On January 6, David Carment (Carleton Univ, @cdnfp) wrote a comment piece for The Embassy (a Canadian weekly and on-line paper focused on Canada’s international relations) that made a case for “Why Twitter Diplomacy Won’t Lead to Better Foreign Policy“.
As I’ve been very interested in the use of social media for professional purposes, including engagement with stakeholders for foreign policy, I wrote a bit of a rebuttal to this piece.
My rebuttal was published on-line by The Embassy as “In Defence of Twitter Diplomacy” on January 9.
Below is the text of my rebuttal.
David Carment draws on years of experience in teaching, analyzing and contributing to foreign policy in Canada. He laments two only loosely related developments: The first is the absence of a foreign policy under the Harper government. He is well-positioned to lament the lack of engagement with academic expertise on the part of the current Canadian political leadership. His comments are timely and deserve wider attention and consideration.
The second development that Carment examines is the putative rise of Twitter diplomacy, or a diplomacy that incorporates social media as an (increasingly central) tool for policy-makers in informing decisions, but also in addressing different stakeholders at home and abroad directly. Here too, Carment decries the absence of engagement between different participants in policy-analysis. While he is right in lamenting the lack of a “conversation” between government policy-makers and experts and their students, it is hardly the technology that is to blame for that.
Advocates of an intensified use of social media as a policy-analysis and policy-making tool point to different aspects: social media as a site for information gathering, for information dissemination, and for engagement. The first two aspects are essentially unidirectional communication and while social media and the information available at our fingertips via the public internet may increase the amount of data available, there may be nothing transformative about that.

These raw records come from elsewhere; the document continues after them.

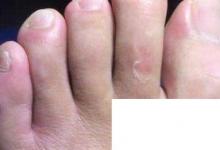 日常生活：水皰型足癬用什么藥腳上長了很多小水泡癢脫皮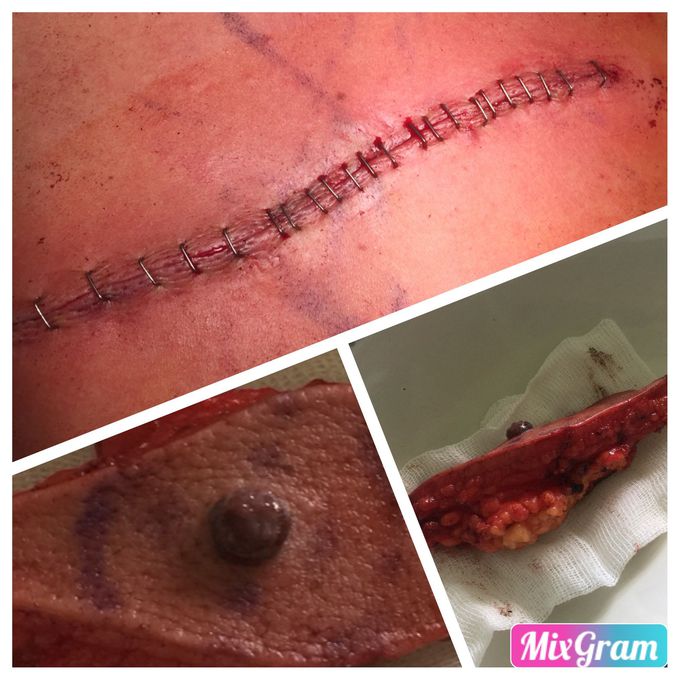 Excision about melanoma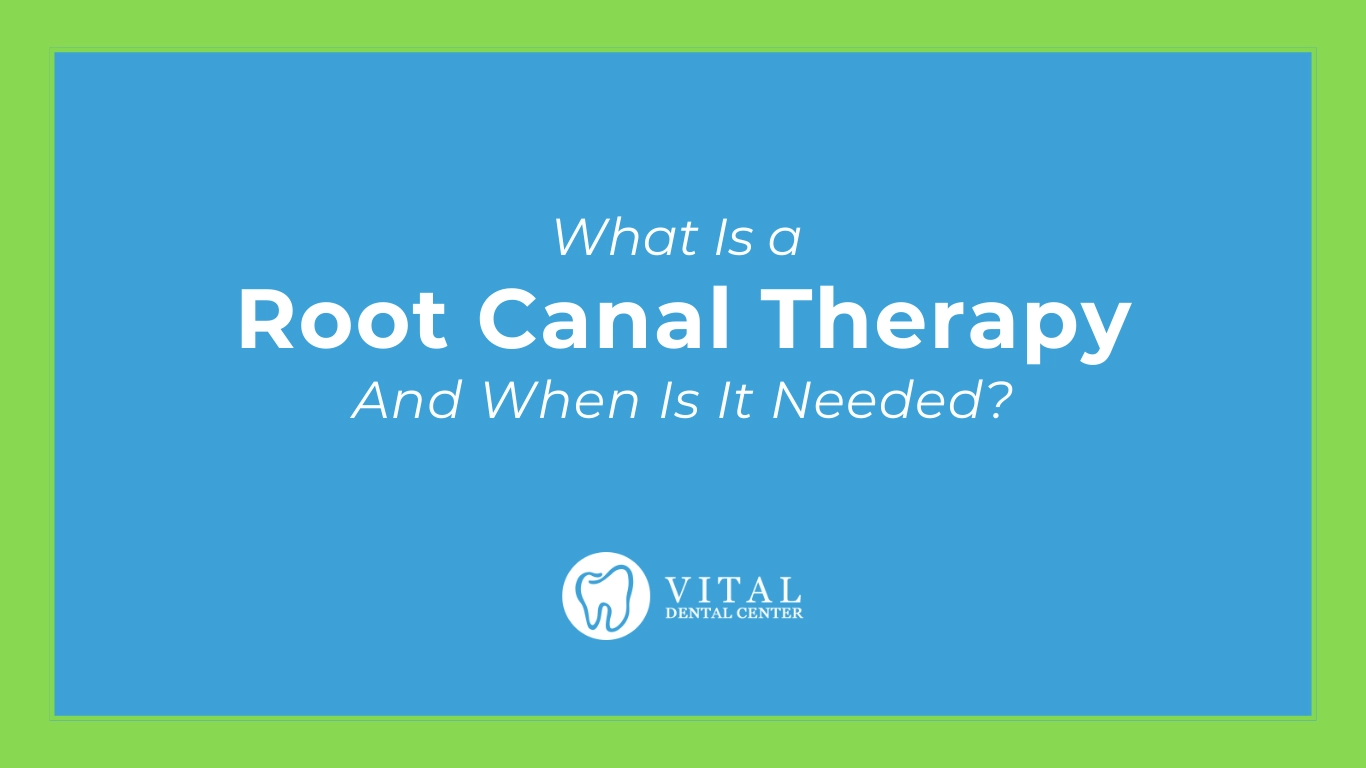 Root Canal Therapy: What It Is and When You Need It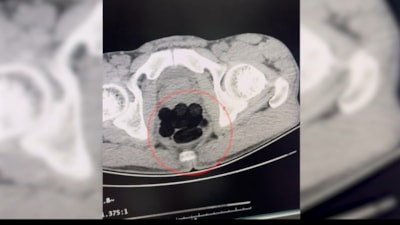 Batman'da yabancı uyruklu şüphelinin midesinden 253 gram eroin çıktı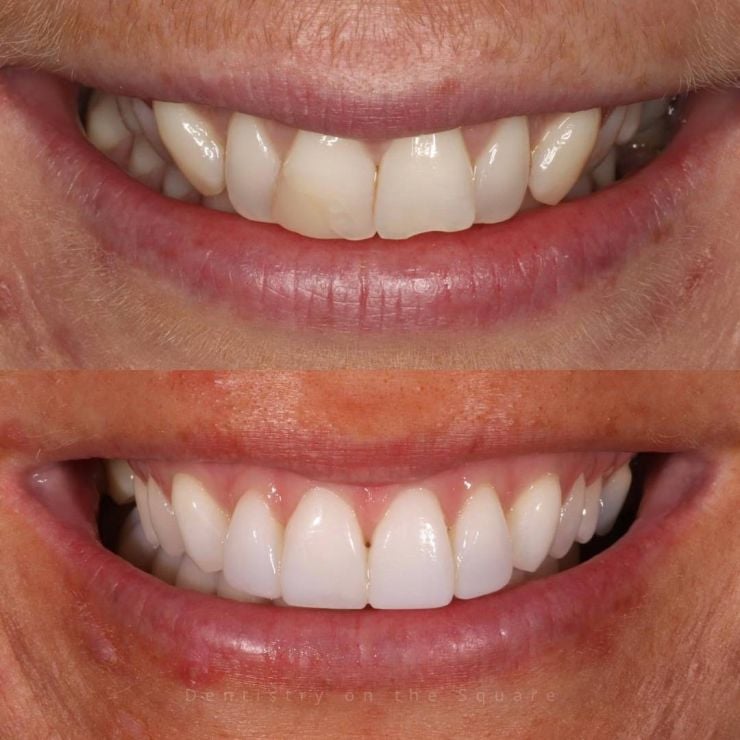 Transforming Smiles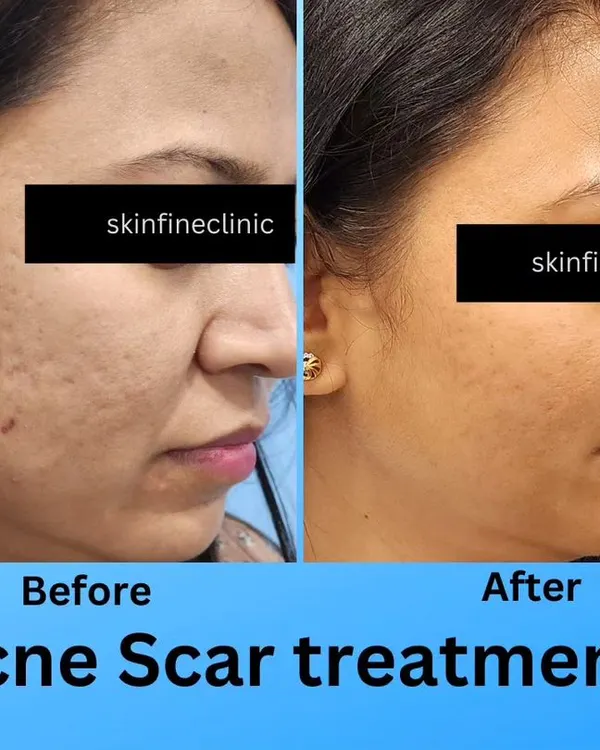 This before and after image shows the significant reduction of acne scars after a few sessions of Microneedling Radiofrequency (MNRF). This procedure helps rebuild collagen and smooths out skin texture, effectively treating deep-pitted scars for a clearer complexion.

It is the engagement where the promise lies and where Carment sees this promise as unfulfilled. In the absence of social media, policy-analysts were limited to deep engagement with a limited number of actors and voices. This is the situation that Carment describes as characterizing his past experience with DFAIT. Particularly given NPSIA’s location in Ottawa and its networks into the federal government I imagine that his portrayal is accurate and was to mutual benefit. Close interactions offered policy-makers efficient and extensive access to deep policy-analysis, and it allowed policy-analysts and academics access to the questions that were occupying policy-makers minds and their students access to learning experiences.
Yet, this approach also had clear limitations. A small number of deep interactions necessarily limit the overall number of interactions.
By contrast, social media hold the promise of offering policy-makers the possibility of hearing many more different perspectives, and tapping into information and analysis that may have been exceedingly difficult and costly to locate in the deep-but-limited-engagement world.
Clearly, the judgment on whether the potential for wider, faster, and more varied engagement will lead to an overall better foreign policy depends on perspective and will have to be reserved for future analyses. From my perspective, there are two aspects that I have experienced (not unlike Carment but in a different context) that do suggest some benefits to a wider engagement.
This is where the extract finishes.